She repeated her encouragement to a classroom of second graders recently as her second year as Salt Lake City mayor came to a close.
"Maybe you'll be the Salt Lake City mayor. Maybe you'll live in Logan or St. George or San Diego or Philadelphia or Oklahoma somewhere. Who knows where you'll go. Maybe you'll go to London. You could be the mayor there someday. And I want you to think about that. ... I really, really need you to do that."
Mendenhall's voice took an urgent tone. Dozens of eyes stared up at her over their masks.
"When I was in second grade, nobody said that to me. ... But you are leaders."
It's a message Mendenhall is prioritizing for the youth of Utah's capital city, hoping to inspire a new generation of leaders that Salt Lake City — and the state, the nation and the world — will desperately need as big challenges, especially environmental challenges, sharpen in the coming decades.
But in today's already challenging environment — as COVID-19 continues to, in many ways, isolate individuals and families — the Democratic mayor of Utah's capital city said she shares that message to also "validate" other human beings and inspire them to reach their full potential. It's something people need more now than ever, she said.
"There's a stripping away that's happening on multiple levels," Mendenhall said, especially over the past two years since the onset of COVID-19. "Stripping away socially, laying bare the importance of our family relationships ... and how we've desperately missed the rest of our extended networks.

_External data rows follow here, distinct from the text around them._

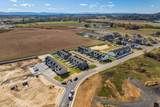 5 Barnyard Cir - Photo 65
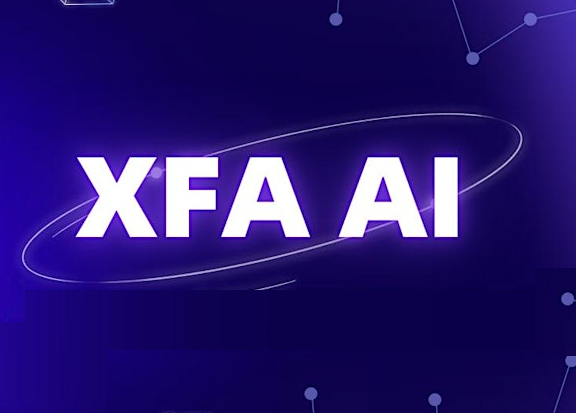 Fakta-Fakta Aplikasi XFA AI Penipuan, Salah Satunya Penarikan Dana Diperlambat Fakta-Fakta Aplikasi XFA AI Penipuan, Salah Satunya Penarikan Dana Diperlambat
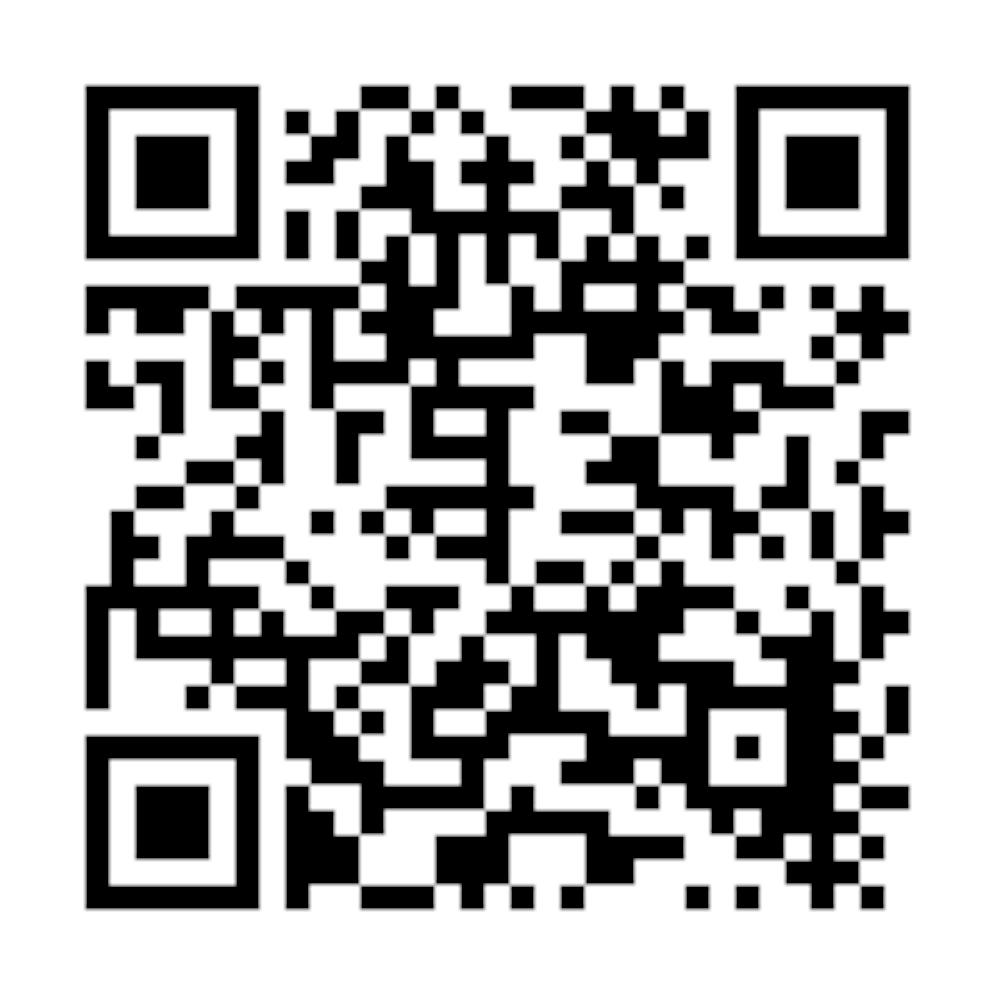 South Hours Location Great Full Gardens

"And there's this stripping away politically, in the aftermath of George Floyd's murder, with the political division in our nation through the term of our last president, and subsequently."
There's another reason why Mendenhall said she likes reading to grade schoolers. She said it's "remarkable" to her how they've grown so used to masking and respecting each other's personal space — how normal it is for them.

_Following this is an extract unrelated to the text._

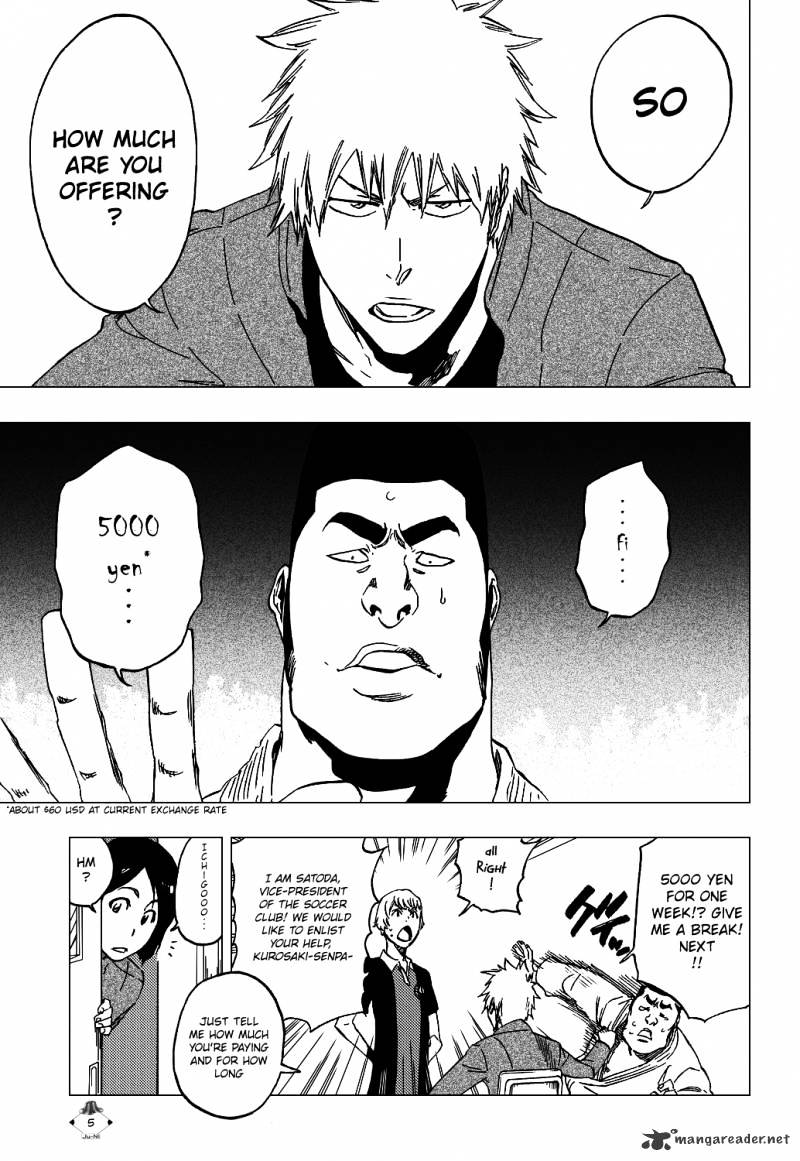 Page 8 of Chapter 425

"And their resiliency," she said. "They are excited to be together and be in a classroom with a teacher present. And they're optimistic. That's why I like hanging out with them."
As she reflected on the past two years — halfway through her first term as mayor — Mendenhall said she's watched Salt Lake City become "forged by fire."

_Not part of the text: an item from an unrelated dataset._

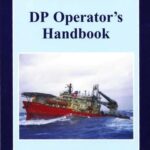 خرید و دانلود نسخه کامل کتاب The DP Operators Handbook. The Nautical Institute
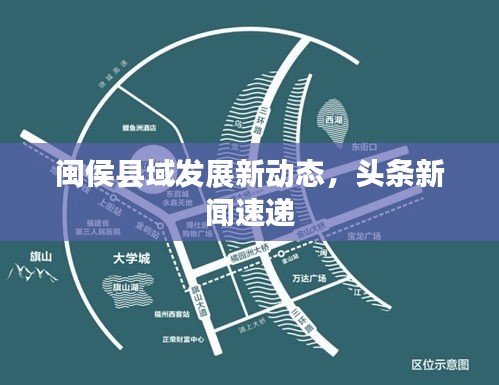第988页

Her first year as mayor, 2020, is what Mendenhall described as a "rager." The pandemic started, then a 5.7 magnitude earthquake rattled the entire Wasatch Front, The murder of George Floyd sparked a social uprising, and a generational windstorm ripped through Salt Lake City and northern Utah. In those 12 months, Mendenhall saw more crises hit Utah's capital than any one mayor has probably ever seen.
Now another year has gone by, and while 2021 lacked a terrifying earthquake or the same hurricane-force winds, it's still feeling the ripple effects of the murder of Floyd. And, of course, the dark cloud of the pandemic still overshadows day-to-day life.
Mendenhall continues to lead Utah's capital — an area that's long been a Democratic stronghold in an otherwise very red state — with a steady and calm tenor. She exudes pride for Salt Lake City residents, praising them for rising to the pandemic's challenges,
"There's no question about the character of Salt Lakers because we've had to step up in the last two years," she said.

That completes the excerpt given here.